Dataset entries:
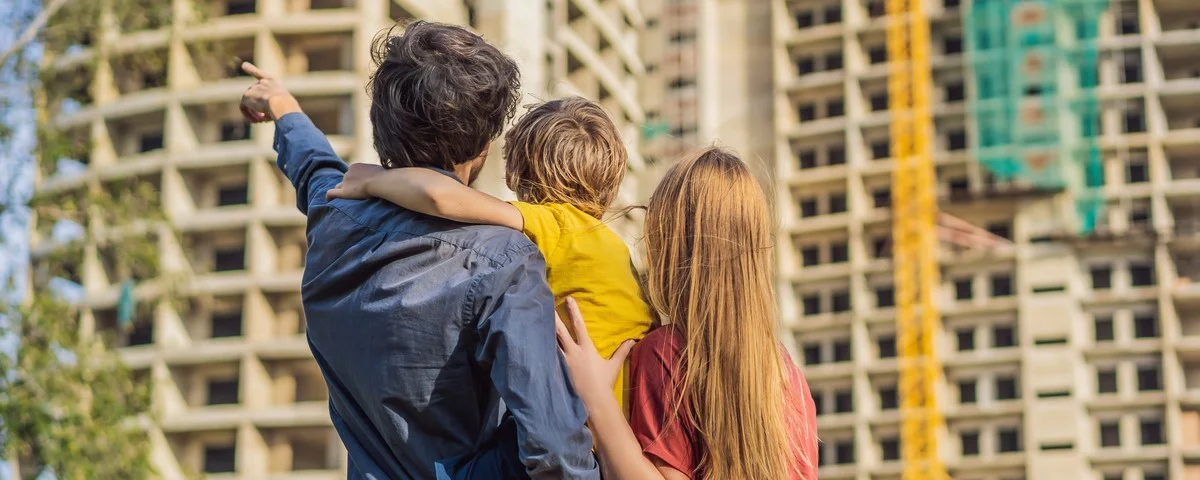 Une famille composée d'une mère, d'un père et d'un fils regardant leur nouvelle maison en construction, planifiant l'avenir et rêvant. 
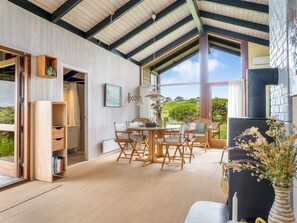 A spacious room with a high ceiling, a dining area with a round table and chairs, a bookshelf, and a large window offering a view of greenery. - "Anita" - 400m from the sea by Interhome (Bindslev)
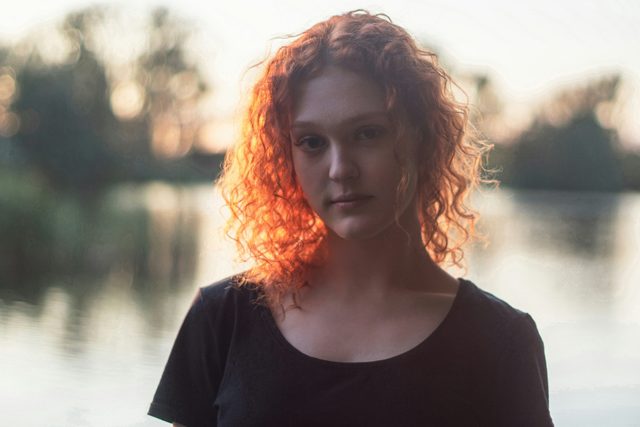 Woman with curly red hair standing by a lake at dusk
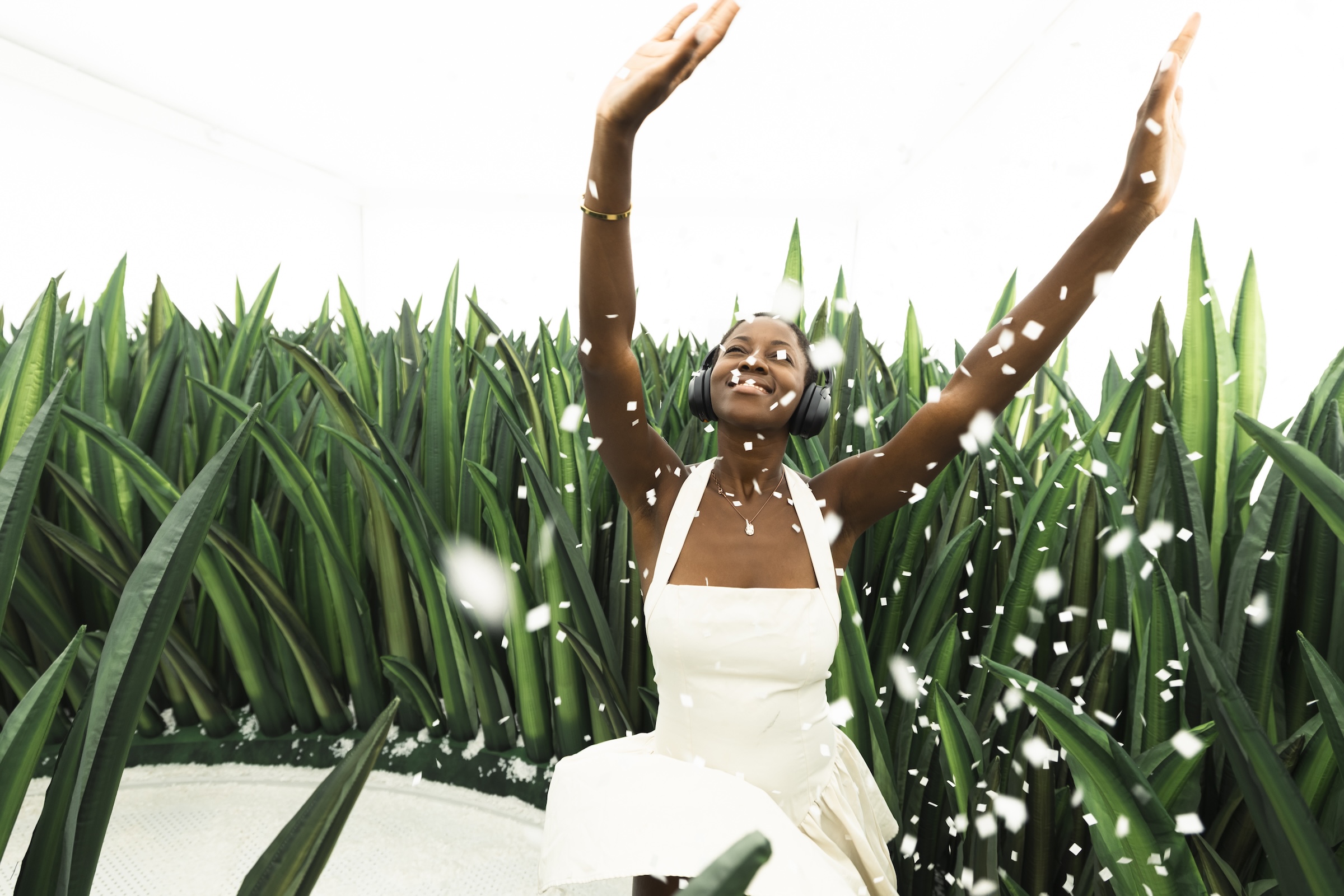 A smiling woman wearing a white dress and over-ear headphones, throwing white confetti into the air with both arms raised, surrounded by tall, spiky green plants in an artistic installation.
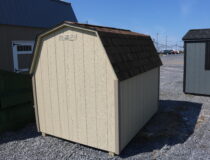 6x8 Madison Mini Barn with Beige siding, PC Clay trim, and Rustic Cedar shingles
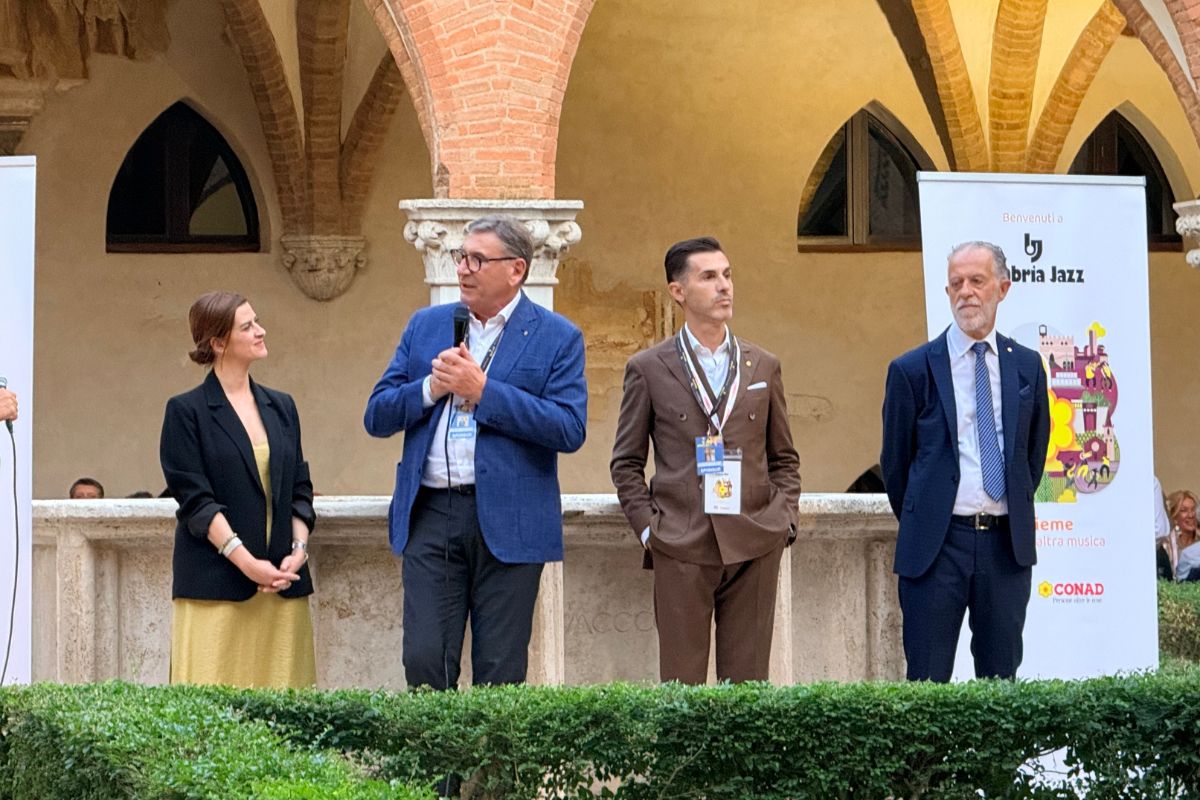 Conferenza stampa Conad e PAC2000A durante Umbria Jazz con relatori davanti a un banner promozionale in un chiostro.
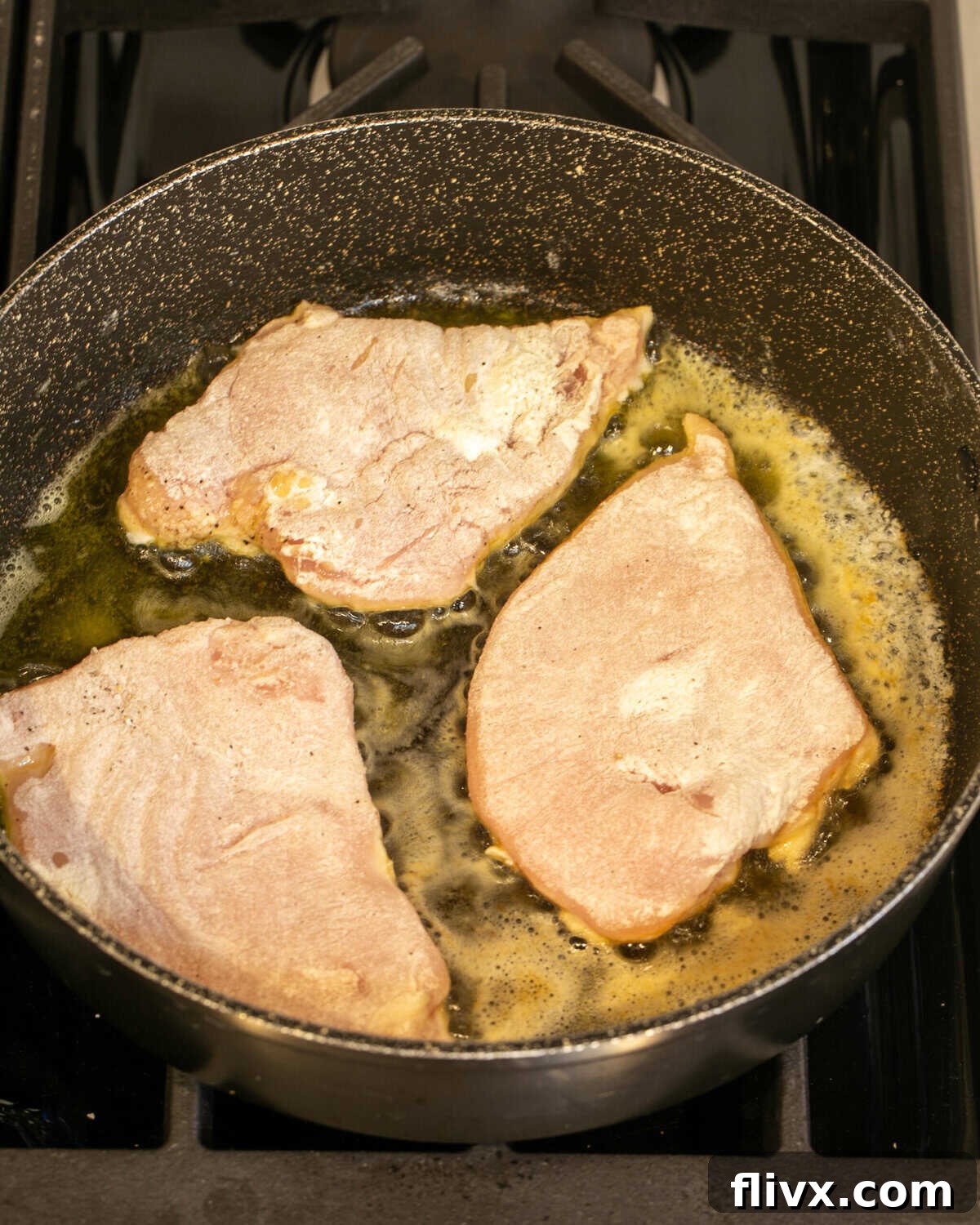 Chicken cutlets seasoned with salt, pepper, and flour, sizzling in a hot skillet with butter and olive oil.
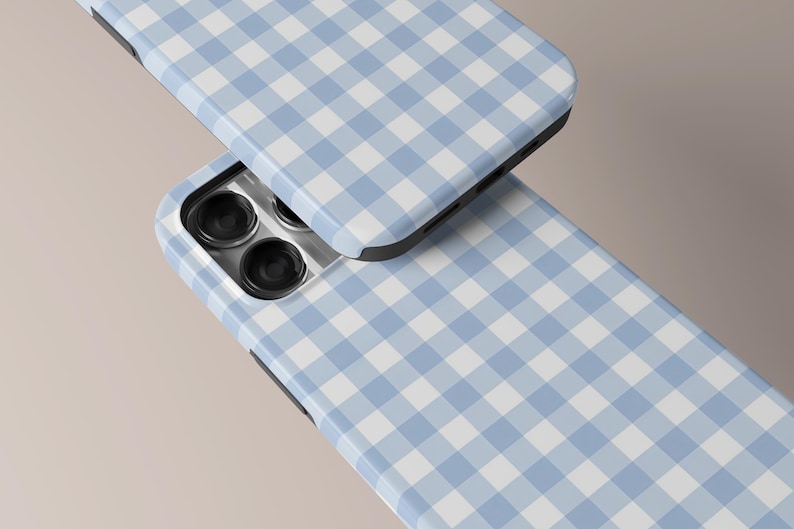 May include: Two phone cases with a light blue and white gingham pattern. The cases are shown at an angle, with the camera lenses visible on one. The cases have a black border and a glossy finish, creating a clean and modern look.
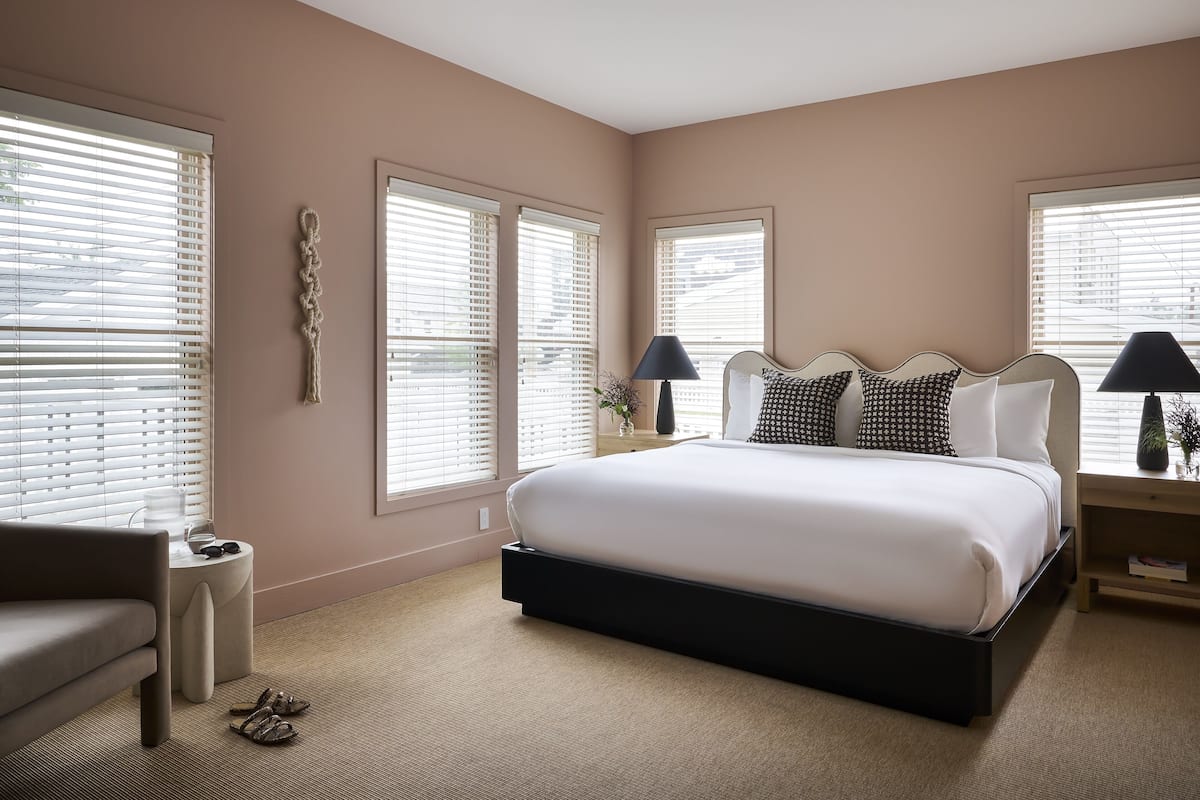 A bedroom with a large bed, two bedside tables with lamps, a chair, and a small table with a plant.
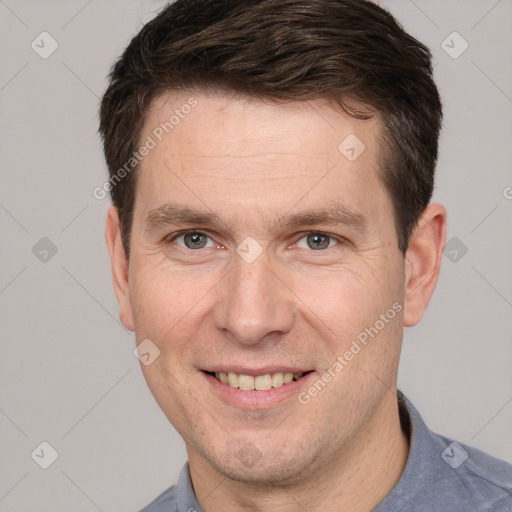 Joyful white adult male with short  brown hair and grey eyes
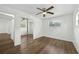 Light bedroom with hardwood floors, ceiling fan, and mirrored closet door at 512 Power Rd, Sanford, FL 32771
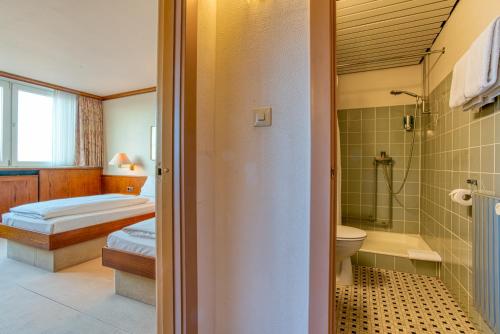 普特加登FF&E Hotel Dania的一间带两张床、淋浴和卫生间的浴室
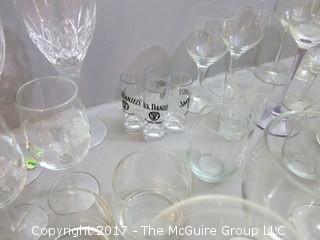 Collection of glassware including (2) Waterford crystal stems, hurricane shade and assorted stemware 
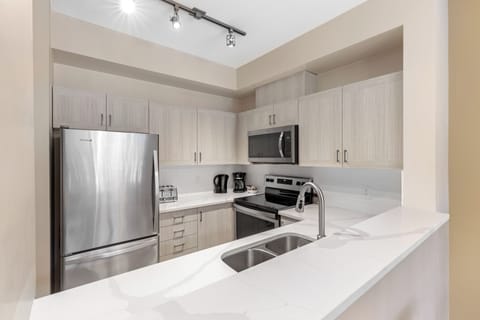 Condo, 2 Bedrooms (Unit 52) | Private kitchen | Full-size fridge, microwave, oven, stovetop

» **How to complete this task**: Your task is a word-for-word transcription of the entries, leaving out all pictures.

» **Exercise answer**:
 Une famille composée d'une mère, d'un père et d'un fils regardant leur nouvelle maison en construction, planifiant l'avenir et rêvant. 
 A spacious room with a high ceiling, a dining area with a round table and chairs, a bookshelf, and a large window offering a view of greenery. - "Anita" - 400m from the sea by Interhome (Bindslev)
 Woman with curly red hair standing by a lake at dusk
 A smiling woman wearing a white dress and over-ear headphones, throwing white confetti into the air with both arms raised, surrounded by tall, spiky green plants in an artistic installation.
 6x8 Madison Mini Barn with Beige siding, PC Clay trim, and Rustic Cedar shingles
 Conferenza stampa Conad e PAC2000A durante Umbria Jazz con relatori davanti a un banner promozionale in un chiostro.
 Chicken cutlets seasoned with salt, pepper, and flour, sizzling in a hot skillet with butter and olive oil.
 May include: Two phone cases with a light blue and white gingham pattern. The cases are shown at an angle, with the camera lenses visible on one. The cases have a black border and a glossy finish, creating a clean and modern look.
 A bedroom with a large bed, two bedside tables with lamps, a chair, and a small table with a plant.
 Joyful white adult male with short  brown hair and grey eyes
 Light bedroom with hardwood floors, ceiling fan, and mirrored closet door at 512 Power Rd, Sanford, FL 32771
 普特加登FF&E Hotel Dania的一间带两张床、淋浴和卫生间的浴室
 Collection of glassware including (2) Waterford crystal stems, hurricane shade and assorted stemware 
 Condo, 2 Bedrooms (Unit 52) | Private kitchen | Full-size fridge, microwave, oven, stovetop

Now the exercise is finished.